Ein besonderer didaktischer Schwerpunkt liegt hierbei beim emotionalen Lernen. Die angestrebte Selbst-Fertigkeit wird nicht nur in einem Prozess der Aneignung kognitiver Inhalte erworben, sondern entwickelt sich nach unserer Einschätzung insbesondere durch das achtsame soziale Miteinander.

Ein zweiter Schwerpunkt ist die Pflege der Kommunikationskultur, da nur präzise sprachliche Ausdrucksformen Verstehen ermöglichen; Verstehen aber ist die Basis der Selbst-Fertigkeit. In diesem Sinne ist die Überlieferung philosophie-historischer Kenntnisse ein dritter Schwerpunkt des Unterrichts, wobei diese Inhalte stets nur den Anspruch von Angeboten erfüllen, ohne wahrheitsverbindlich zu sein.

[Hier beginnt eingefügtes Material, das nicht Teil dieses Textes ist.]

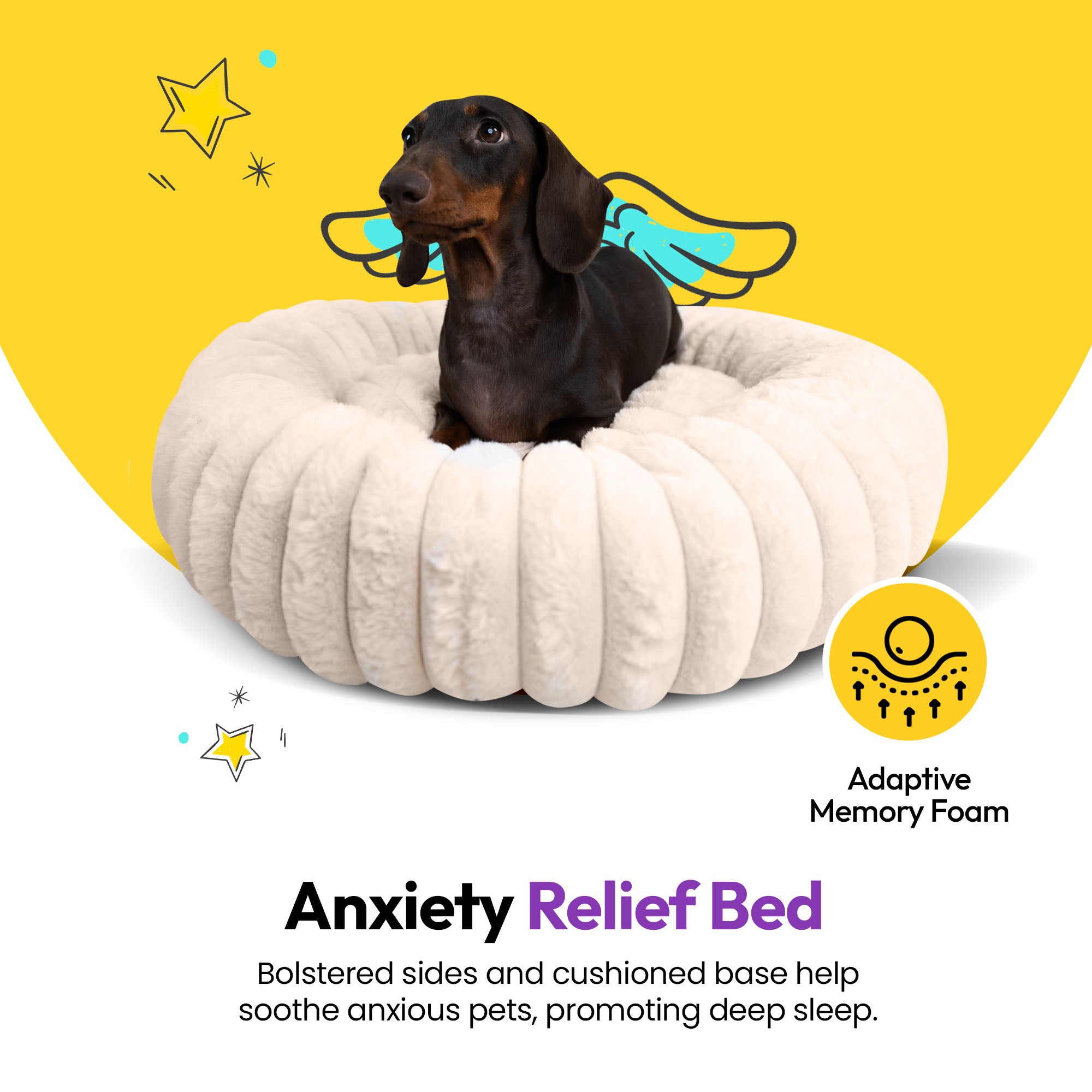 毛足の長いコーデュロイの丸い寝床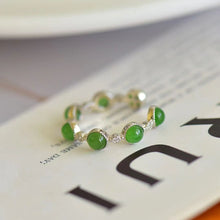 Natural Jade Ring Nephrite Silver Adjustable Ring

Wahrheitsverbindlich ist allein die Selbst-Fertigkeit unserer Schülerinnen.

Der Beitrag des Faches Philosophie zum Erwerb der Lernkompetenz

Der Lehrplan Philosophie erläutert dazu Folgendes:

Das Fach Philosophie leistet einen spezifischen Beitrag zum Erwerb der Lernkompetenz und entwirft damit sein charakteristisches Lernprofil. Die vier Aspekte der Lernkompetenz (Sach-, Methoden-, Selbst- und Sozialkompetenz) bedingen und durchdringen einander in vielfältiger Weise. Ihre Unterscheidung soll helfen, Lernprozesse zu organisieren und zu beurteilen.

Sachkompetenz

Die Schülerinnen und Schüler erwerben die Fähigkeit,

  • sich im philosophischen Denken zu orientieren
  • den Menschen als ein Wesen aufzufassen, das für sein Handeln verantwortlich ist
  • die Grundlagen unserer Auffassung von Wirklichkeit zu reflektieren
  • ihr kritisches Bewusstsein auf die Möglichkeiten und Grenzen unseres Denkens zu richten
  •  die Frage nach letzten Prinzipien, Sinndeutungen und Gründen menschlichen Daseins als unverzichtbaren Bereich philosophischer Reflexion zu verstehen.

Methodenkompetenz

Die Schülerinnen und Schüler erwerben die Fähigkeit,

  • genau und folgerichtig zu denken
  • philosophische Termini sachgemäß anzuwenden
  • theoretische Ansätze und Methoden auf Sachverhalte und Argumentationszusammenhänge zu   übertragen
  • sprachlich angemessen und widerspruchsfrei zu argumentieren
  • die Besonderheit philosophischen Fragens und Reflektierens zu erkennen.

Selbstkompetenz

Die Schülerinnen und Schüler erwerben die Fähigkeit und Bereitschaft,

  • ihr Interesse auf sich selbst als reflektierende Wesen zu richten
  • Motive eigenen Denkens und Handelns zu erkennen
  • einen eigenen Standpunkt zu entwickeln
  • Gründe für eigenes Denken und Handeln im Gespräch zu entfalten
  • die kontroverse Auseinandersetzung innerhalb des eigenen Bezugsrahmens und im Vergleich   mit anderen Kulturen als Bereicherung eigenen Denkens zu verstehen
  • mit der Spannung zwischen Selbstbestimmung und den Bedingungen und Einschränkungen der Freiheit bewusst umzugehen
  • Verantwortung für eigenes Denken und Handeln zu übernehmen
  • sich mit Frauen- und Männerbildern auseinander zu setzen, Unsicherheiten in der Rolle als Mann oder Frau zu reflektieren und abzubauen.

Sozialkompetenz

 

Die Schülerinnen und Schüler erwerben die Fähigkeit und Bereitschaft,

  • sich in andere Menschen und andere Denkweisen hineinzuversetzen
  • die Vorstellungen und Gedanken anderer zu würdigen und ihnen mit Toleranz zu begegnen
  • sich mit anderen vernunftgeleitet auseinander zu setzen
  • unterschiedliche männliche und weibliche Interpretations- und Interaktionsmuster zu reflektieren, zu respektieren und für den Lernprozess in Gruppen zu nutzen.

Oder etwas einfacher gesagt:

Philosophie ist der Verzicht auf die Anstrengung, dumm zu bleiben.